§ **Problem details**
The copy you give must match the listing below exactly and contain no pictures.

§ **Information supplied**
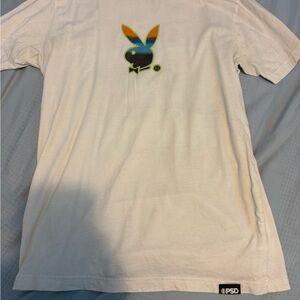 PSD White Tee with Colorful Graphic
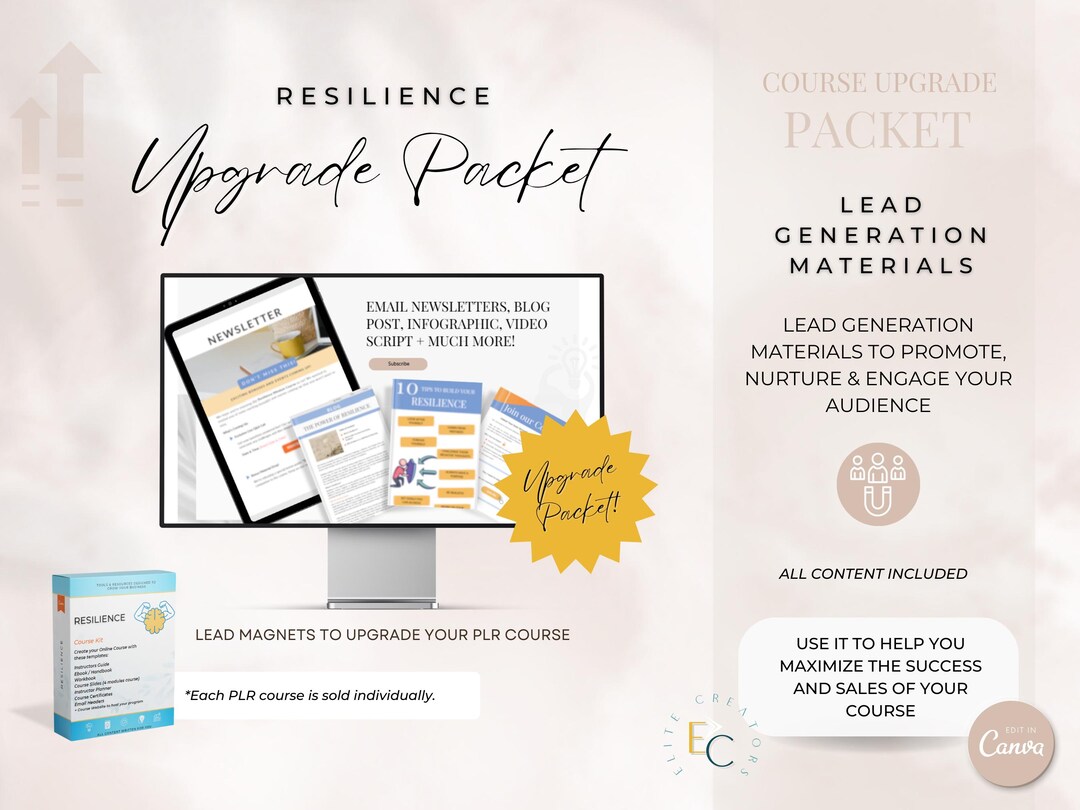Resilience PLR Course Upgrade Packet: Marketing Toolkit - Etsy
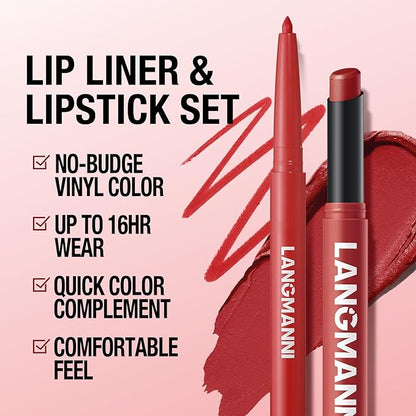 12Pcs Matte Lipstick + Lip Liner Pens Lip Combo Sets, Creamy Matte Lip Makeup Kit Long-Lasting Waterproof, Smudge-Proof Highly Pigmented Formula, Bold & Chic Shades Makeup Set (Bold Reds Collection)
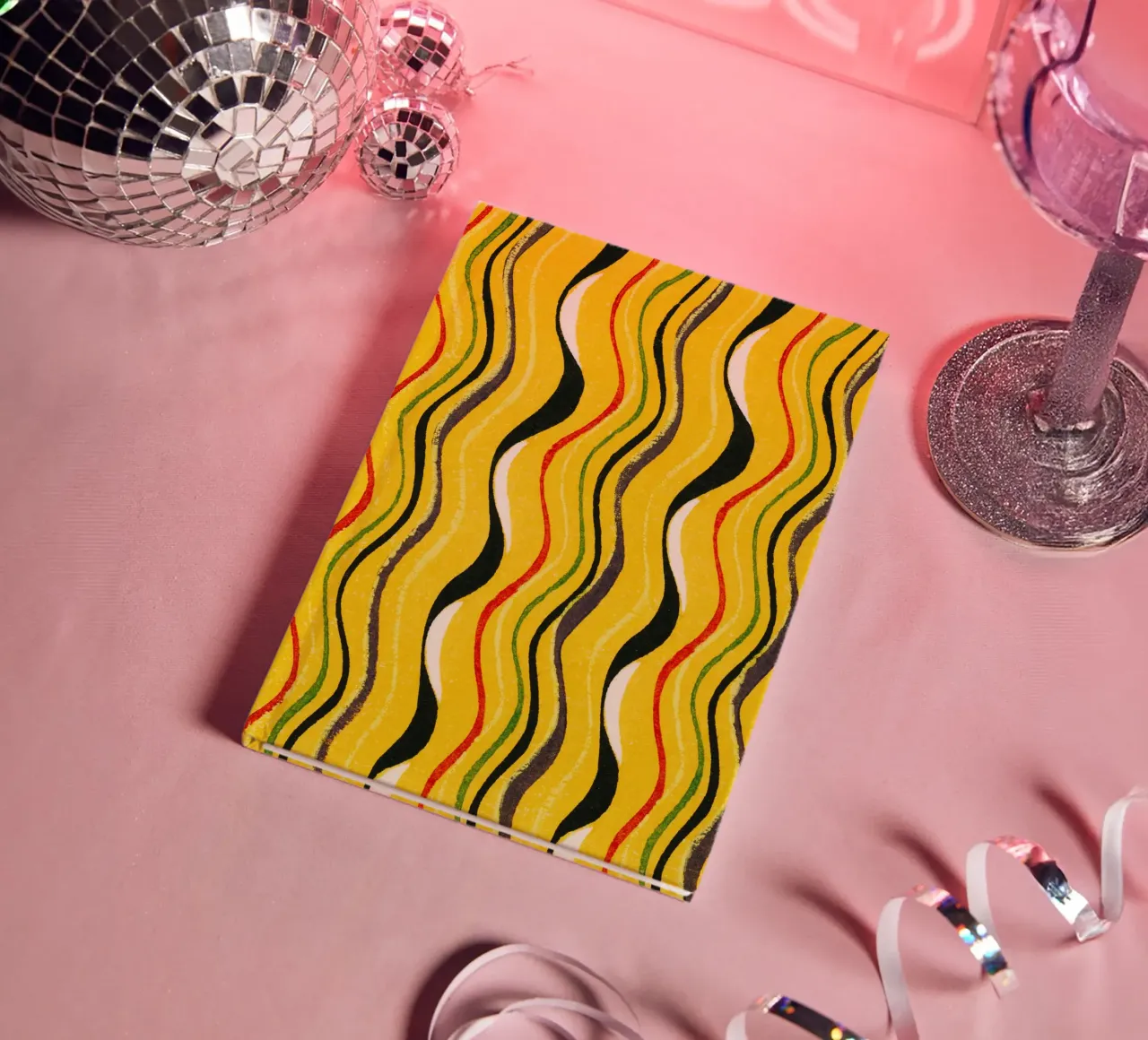 Yellow Wavy Lines notebook by vintageshop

§ **Task solution**
 PSD White Tee with Colorful Graphic
Resilience PLR Course Upgrade Packet: Marketing Toolkit - Etsy
 12Pcs Matte Lipstick + Lip Liner Pens Lip Combo Sets, Creamy Matte Lip Makeup Kit Long-Lasting Waterproof, Smudge-Proof Highly Pigmented Formula, Bold & Chic Shades Makeup Set (Bold Reds Collection)
 Yellow Wavy Lines notebook by vintageshop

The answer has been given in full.